On Thu, Apr 13, 2023 at 10:00 PM Tom Lane <tgl@sss.pgh.pa.us> wrote:
Richard Guo <guofenglinux@gmail.com> writes: > * For the diff in standard_planner, I was wondering why not move the > initPlans up to the Gather node, just as we did before. So I tried that > way but did not notice the breakage of regression tests as stated in the > comments. Would you please confirm that?
Try it with debug_parallel_query = regress.
Ah, I see. With DEBUG_PARALLEL_REGRESS the initPlans that move to the Gather would become invisible along with the Gather node.
As I tried this, I found that the breakage caused by moving the initPlans to the Gather node might be more than just being cosmetic.
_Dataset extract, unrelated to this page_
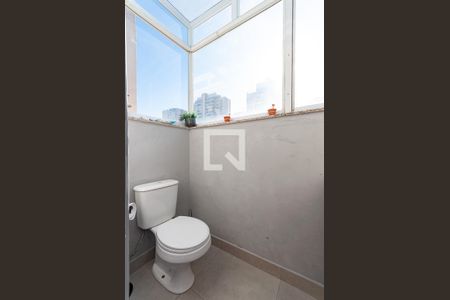 Apartamento à venda com 135m², 2 quartos e 2 vagasLavabo Externo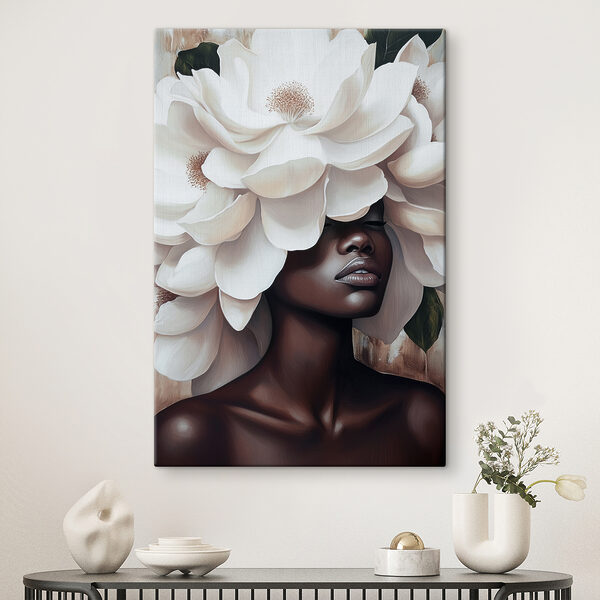 Vrouw met witte bloemen op haar hoofd Vrouw met witte bloemen op haar hoofd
Sometimes it may cause wrong results. As an example, consider
create table a (i int, j int); insert into a values (1, 1); create index on a(i, j);
set enable_seqscan to off; set debug_parallel_query to on;
# select min(i) from a; min ----- 0 (1 row)
As we can see, the result is not correct. And the plan looks like
# explain (verbose, costs off) select min(i) from a; QUERY PLAN ----------------------------------------------------------- Gather Output: ($0) Workers Planned: 1 Single Copy: true InitPlan 1 (returns $0) -> Limit Output: a.i -> Index Only Scan using a_i_j_idx on public.a Output: a.i Index Cond: (a.i IS NOT NULL) -> Result Output: $0 (12 rows)
The initPlan has been moved from the Result node to the Gather node. As a result, when doing tuple projection for the Result node, we'd get a ParamExecData entry with NULL execPlan. So the initPlan does not get chance to be executed. And we'd get the output as the default value from the ParamExecData entry, which is zero as shown.
So now I begin to wonder if this wrong result issue is possible to exist in other places where we move initPlans. But I haven't tried hard to verify that.